This is an opportune moment for this Parliament to pass this amending Bill in order to use the collective intellectual property of our indigenous communities to secure the economic benefit that is due to them.
Let me conclude by drawing the attention of the House to this proverb: "Every time an elder dies, it is as if a library burns down". This Parliament must pass this Bill so that the educational, social, cultural and moral values and the economic benefits accruing from indigenous knowledge are no longer lost to posterity every time a generation of elders passes on. [Applause.]
Chairperson, the ACDP appreciates that indigenous knowledge of communities may be open to exploitation by foreign countries. We also share the view that indigenous communities should derive every benefit from their indigenous knowledge. We therefore support the principle of this Bill. However, as the other speakers have said, the central issue is whether it is appropriate to integrate the protection of indigenous knowledge into current intellectual property protection laws.
Intellectual property is a specialised and complex branch of the law. Even as a lawyer I have difficulty understanding it. Are we not trying to drive a square peg into a round hole? The main objection raised by experts in the field is that a basic principle of intellectual property is operating in reverse in this Bill. Works of traditional knowledge are already in the public domain; how can they then be accorded exclusive, private status, as required in intellectual property laws?
Additionally, conventional intellectual property has a limited lifespan, which contrasts with the permanent protection sought to be given in this Bill. The answer is surely a sui generis Act, and this is the way that it should have been processed.

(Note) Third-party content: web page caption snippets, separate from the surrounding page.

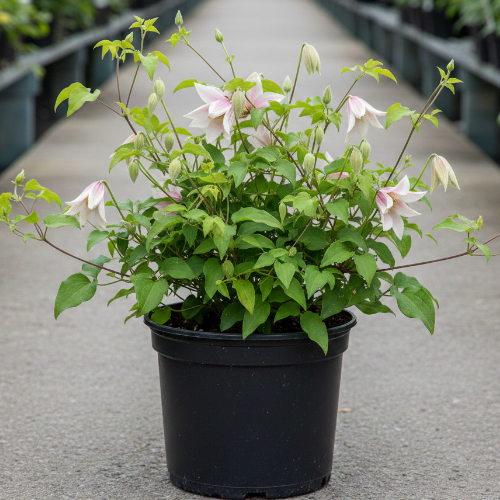 Клематис Инносент Блаш купить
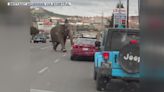 Elephant escapes circus, stops traffic: Video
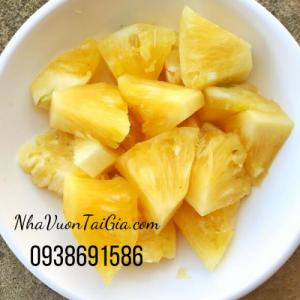 Thơm mật Đà Lạt -Dứa Cayyen Thơm mật Lâm Đồng -gọi 093 869 1586 có giao lẻ tại TPHCM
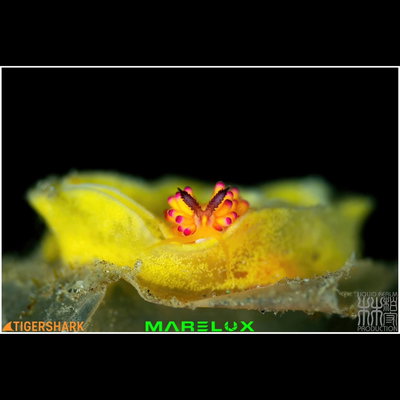 Such a big buffet spread! This nudibranch is a picky eater, only…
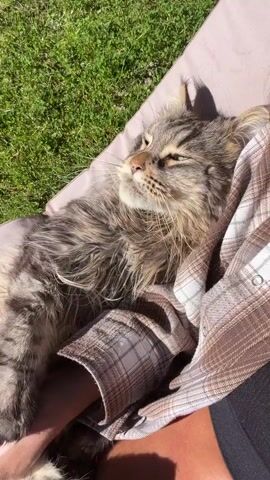 A close-up shot shows a large tabby Maine Coon cat resting on someone's lap. The cat's eyes are partially closed, and its head is nestled against a person's arm and a plaid shirt. The cat's paws are visible, with one paw resting on the person's arm. Sunlight illuminates the cat and the surrounding environment, which includes green grass. The scene appears to be outdoors.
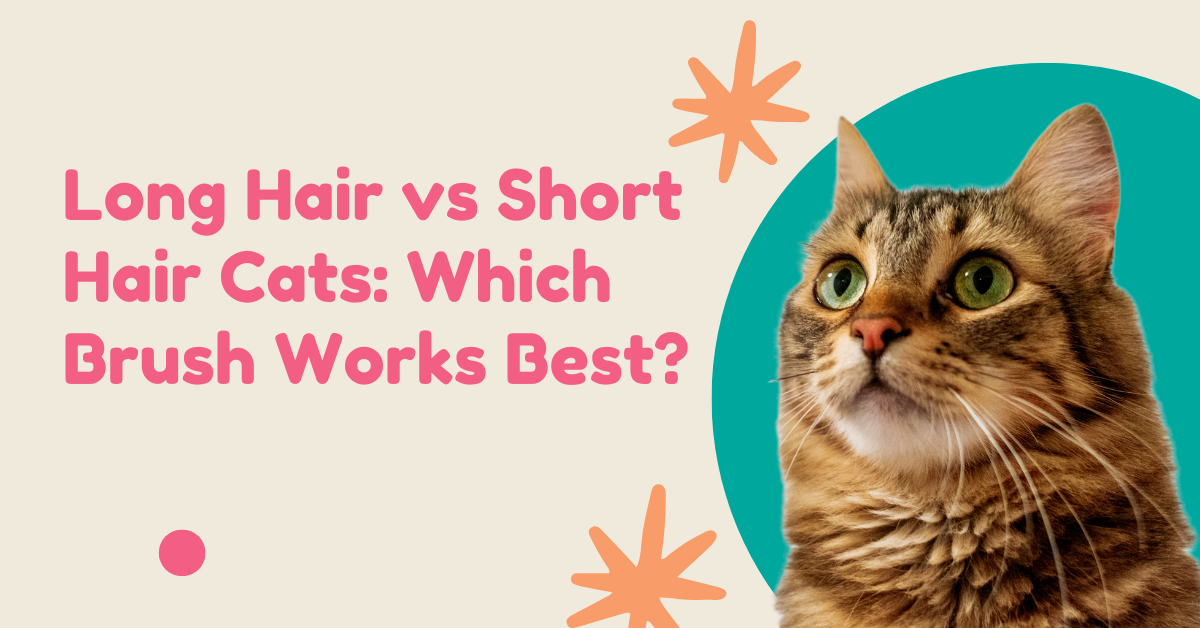 Long Hair vs Short Hair Cats: Which Brush Works Best?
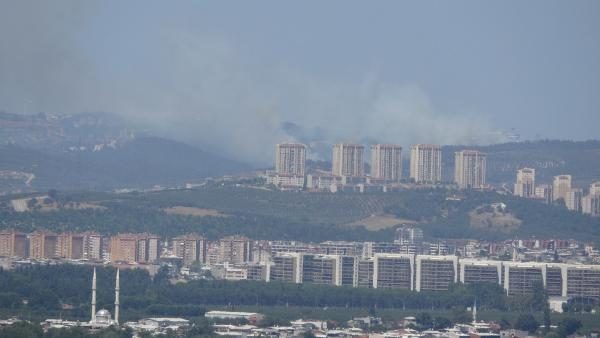 Bursa Mudanya'da orman yangını	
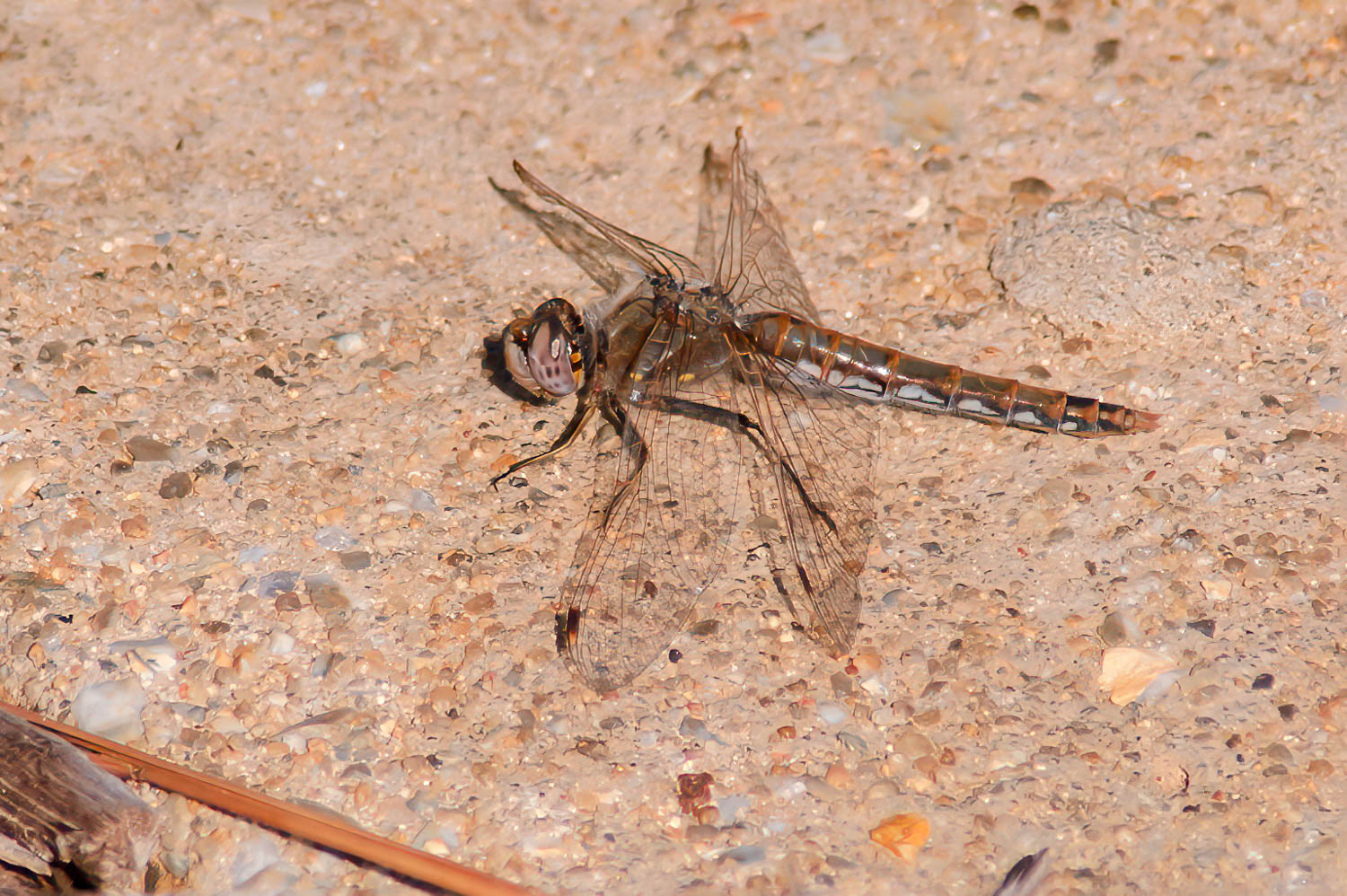 Variegated Meadowhawk (Sympetrum corruptum) Female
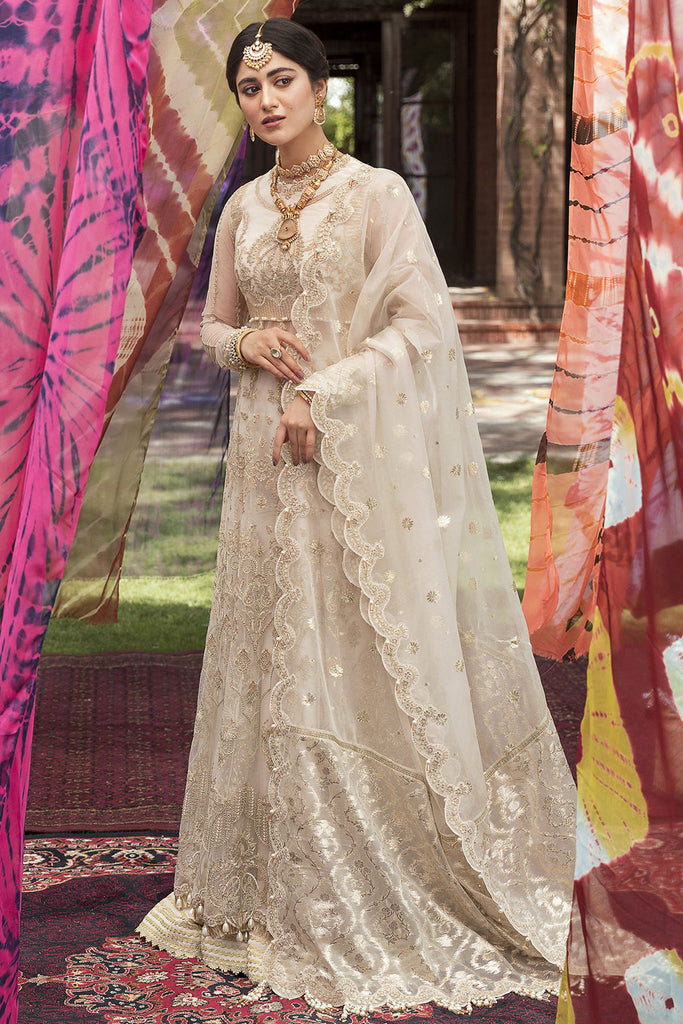 Ayzel X Afrozeh Sangat Luxury Chiffon Collection – Sultana Begum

We are aware that the World Intellectual Property Organisation has also been struggling to protect traditional knowledge for some years. And we have the opportunity to set the benchmark here. It is anticipated that soon, maybe next year or in a while to come, a customised law, a sui generis law and an international treaty will be presented by the World Intellectual Property Organisation. Would it not have been more appropriate to await this development - or even that we set the benchmark with a sui generis law that would then assist the international domain and the way forward?
Finally, it is alleged by various commentators that there will be monumental problems in establishing the subsistence and ownership of property to be protected, and then in bringing successful claims to enforce the rights and payment of the envisaged royalties. Who, then, will be making the money? It will be the lawyers and the litigants in this matter. The ACDP will regrettably not support this Bill.
Hon Chairperson, when we write legislation it must be for a purpose that will work and that will be beneficial to society as a whole. This Bill was intended to protect indigenous knowledge. The DA supports the idea that indigenous knowledge and history must be protected.
In order to make conditions legally binding, a positive approach to the protection of indigenous knowledge - a sui generis approach - was proposed by most legal experts, including the DA. Sui generis literally means "its own kind" or "unique in its characteristics". This would have created opportunities for communities to alleviate economic strain on those individuals who find living difficult. However, the opportunities and rights of citizens are seriously limited as the Bill is written now.
The advantage of using a sui generis approach would have been to allow the recognition of indigenous works outside the normal intellectual property framework. This would have allowed for more effective and comprehensive protection and promotion.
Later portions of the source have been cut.